This inverse relationship also happens when countries devalue their currencies through inflation. This is one argument for the gold standard, it is said to keep monitary policies honest.

oil_and_gold-111

There are many reasons why the value of the dollar has an impact on commodity prices worldwide, namely commodities are typically priced in dollars. When the value of the dollar drops, it will take more dollars to buy the same amount of commodities. Commodities are traded in dollars because currently the dollar serves as the world’s reserve currency. Some countries, like the BRIC’s (Brazil, Russia, India and China are trying to change that and use the Chinese Yuan as a reserve currency or a basket of currencies from other countries rather than simply the US dollar.

Another reason is that commodities are traded around the world; foreign buyers purchase our commodities: corn, soybeans, rice, wheat, oil, etc., with dollars they have received in trade as we have purchased products they have manufactured. When the value of the dollar drops, they have more buying power and simple economics tells us that demand typically increases as prices drop.

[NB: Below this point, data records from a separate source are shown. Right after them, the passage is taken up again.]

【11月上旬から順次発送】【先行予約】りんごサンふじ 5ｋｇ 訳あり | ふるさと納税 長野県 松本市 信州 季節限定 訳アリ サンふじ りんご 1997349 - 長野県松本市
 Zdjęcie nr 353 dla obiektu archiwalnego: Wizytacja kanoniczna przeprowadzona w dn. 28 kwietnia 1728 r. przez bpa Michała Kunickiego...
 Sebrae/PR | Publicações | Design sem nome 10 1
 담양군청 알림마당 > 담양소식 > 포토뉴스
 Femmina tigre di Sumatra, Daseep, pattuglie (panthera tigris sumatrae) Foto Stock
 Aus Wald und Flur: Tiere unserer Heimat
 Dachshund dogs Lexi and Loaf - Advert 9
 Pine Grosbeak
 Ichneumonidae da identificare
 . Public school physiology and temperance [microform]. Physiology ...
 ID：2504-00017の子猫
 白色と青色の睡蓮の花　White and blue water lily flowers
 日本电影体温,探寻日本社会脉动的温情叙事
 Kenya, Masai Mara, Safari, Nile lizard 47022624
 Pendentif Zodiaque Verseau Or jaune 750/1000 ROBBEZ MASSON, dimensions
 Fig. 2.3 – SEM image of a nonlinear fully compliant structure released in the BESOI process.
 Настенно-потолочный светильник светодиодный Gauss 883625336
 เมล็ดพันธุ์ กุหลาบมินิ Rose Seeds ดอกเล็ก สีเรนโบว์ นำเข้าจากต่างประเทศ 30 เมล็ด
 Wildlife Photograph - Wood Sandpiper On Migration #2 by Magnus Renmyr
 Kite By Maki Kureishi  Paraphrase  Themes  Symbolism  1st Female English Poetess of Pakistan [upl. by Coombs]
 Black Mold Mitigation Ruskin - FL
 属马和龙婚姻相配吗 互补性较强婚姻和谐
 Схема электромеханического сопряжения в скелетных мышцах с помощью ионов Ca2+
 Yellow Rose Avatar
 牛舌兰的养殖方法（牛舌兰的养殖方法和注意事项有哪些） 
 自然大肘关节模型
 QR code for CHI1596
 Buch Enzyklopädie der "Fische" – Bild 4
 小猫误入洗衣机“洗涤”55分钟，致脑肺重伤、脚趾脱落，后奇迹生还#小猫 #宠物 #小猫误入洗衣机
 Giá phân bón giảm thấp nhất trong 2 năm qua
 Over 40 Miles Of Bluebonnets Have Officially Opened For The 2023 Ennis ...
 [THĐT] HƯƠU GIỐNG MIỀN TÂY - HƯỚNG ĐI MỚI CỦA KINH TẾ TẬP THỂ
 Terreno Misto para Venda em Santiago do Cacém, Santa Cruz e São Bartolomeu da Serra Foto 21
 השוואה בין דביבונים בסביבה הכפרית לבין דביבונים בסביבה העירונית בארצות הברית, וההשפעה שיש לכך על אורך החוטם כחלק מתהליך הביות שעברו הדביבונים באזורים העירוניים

Commodity traders often keep a close eye on the value of the dollar. An easy way to monitor the dollar is to watch the price quotes on the Dollar Index on the ICE Futures Exchange. It is an index of how the dollar is valued against a group of other major currencies around the world. The price of the index is traded like any other futures contract and you can get quotes throughout the day.

Commodity prices don’t necessarily tick higher for every tick lower in the Dollar Index, but there is a strong inverse relationship over time. Individual commodities can also buck the trend if other over whelming forces are causing the price to move along with the dollar.

Lately the dollar has gained strength against a backdrop of many countries whose currencies are weakening. This has been a factor in the lower prices we have seen at the pump. This strengthening has also had an impact on other commodities, precious metals, gold, silver, platinum, etc.

Typically, gold is seen by investors as a backup for the dollar. As the dollar weakens, the price of gold increases. As the dollar gains strength, gold prices drop. It is similar to the relationship between the dollar and oil. Which begs the question, is there a correlation between oil and gold?

There are a couple ideas that try to explain the correlation between gold and oil. One is that prices of crude oil partly account for inflation. Increases in the price of oil result in increased prices of gasoline at the pump. If fuels (gasoline, diesel oil, and aviation fuel) are more expensive, then it’s more costly to transport goods and those prices go up. The final result is increased prices – in other words, inflation.

The second thought on the oil-gold link is the fact that precious metals tend to appreciate when inflation is rising (especially in the current fiat monetary environment). So, an increase in the price of crude oil can, eventually, translate into higher precious metals prices resulting in oil becoming a new economic bench mark similar to gold.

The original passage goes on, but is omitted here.